最初は気づかなかったが、どこかで見たことのある老人だ。と思ったら、酒を飲んで呂律が回らない、頭を揺らしながら、目はどこか虚空を見ているように、とうとうと話をする場面を見て、埴谷雄高だと分った。

以前、なにかのドキュメンタリーで、薄暗い自宅で、赤い血の入ったようなワイングラスを揺らしながら、自身も揺れながら、インタビューに答えている埴谷を見て、いつまでも死なない吸血鬼のように見えたのを思い出した。
 彼は確かまた、そのドキュメンタリーの中で、生命の謎が分るまでは、子供を作らないといっていたが、結局、分らないままだったようだ。
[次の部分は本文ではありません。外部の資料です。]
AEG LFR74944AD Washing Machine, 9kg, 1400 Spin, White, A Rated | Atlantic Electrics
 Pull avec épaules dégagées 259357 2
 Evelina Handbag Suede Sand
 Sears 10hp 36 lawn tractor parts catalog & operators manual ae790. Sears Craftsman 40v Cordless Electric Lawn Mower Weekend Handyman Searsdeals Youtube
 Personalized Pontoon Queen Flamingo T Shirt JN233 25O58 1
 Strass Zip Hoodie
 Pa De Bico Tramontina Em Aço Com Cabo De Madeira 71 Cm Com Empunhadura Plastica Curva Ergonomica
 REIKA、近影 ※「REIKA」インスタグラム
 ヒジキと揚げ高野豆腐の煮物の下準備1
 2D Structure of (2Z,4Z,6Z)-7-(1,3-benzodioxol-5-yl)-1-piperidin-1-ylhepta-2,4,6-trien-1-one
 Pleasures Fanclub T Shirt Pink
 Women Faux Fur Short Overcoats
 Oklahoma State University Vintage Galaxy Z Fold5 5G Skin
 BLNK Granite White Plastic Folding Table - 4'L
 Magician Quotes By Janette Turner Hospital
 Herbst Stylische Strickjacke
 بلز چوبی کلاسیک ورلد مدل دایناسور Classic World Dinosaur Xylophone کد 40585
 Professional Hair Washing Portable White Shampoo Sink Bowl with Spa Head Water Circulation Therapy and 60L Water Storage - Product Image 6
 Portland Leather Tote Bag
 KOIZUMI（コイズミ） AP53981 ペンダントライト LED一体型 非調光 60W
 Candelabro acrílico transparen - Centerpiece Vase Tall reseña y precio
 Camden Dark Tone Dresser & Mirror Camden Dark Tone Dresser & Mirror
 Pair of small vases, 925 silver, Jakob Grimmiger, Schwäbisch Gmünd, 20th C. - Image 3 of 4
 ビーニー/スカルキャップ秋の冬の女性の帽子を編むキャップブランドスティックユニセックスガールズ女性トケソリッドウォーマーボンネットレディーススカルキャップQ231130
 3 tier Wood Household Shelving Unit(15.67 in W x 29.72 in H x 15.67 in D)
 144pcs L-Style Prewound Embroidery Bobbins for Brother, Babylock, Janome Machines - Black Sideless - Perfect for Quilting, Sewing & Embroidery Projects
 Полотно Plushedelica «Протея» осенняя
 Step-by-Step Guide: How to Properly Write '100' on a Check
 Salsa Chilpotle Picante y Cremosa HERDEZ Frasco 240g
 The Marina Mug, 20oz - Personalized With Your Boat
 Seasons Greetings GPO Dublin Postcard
「なんにもない」と、死んだ今でも、どこかでひっそりと、吐き捨るようにつぶやいている気がするのはなぜだろう。
 どうしても、彼の未完の『死霊』に出てくる「のっぺらぼう」でなく、顔を持った、血のような葡萄酒を含み、暗闇にじっと目を凝らす吸血鬼じみた埴谷老が、死んだ今でも、言葉の中に、自身の夢想の中に、じっと身を潜めて、どこかで待っているような気がするのだ。
 そうだとしたら、何を待っているのだろうか。自分と波長の合うものとの対話。それとも、単に自分の血を受け継ぐものを待っているのだろうか。ただその夢想に引き吊り込み、同じ死霊になって、風のように何かを叫びながら、一緒に彷徨う同胞を探しているだけなのだろうか。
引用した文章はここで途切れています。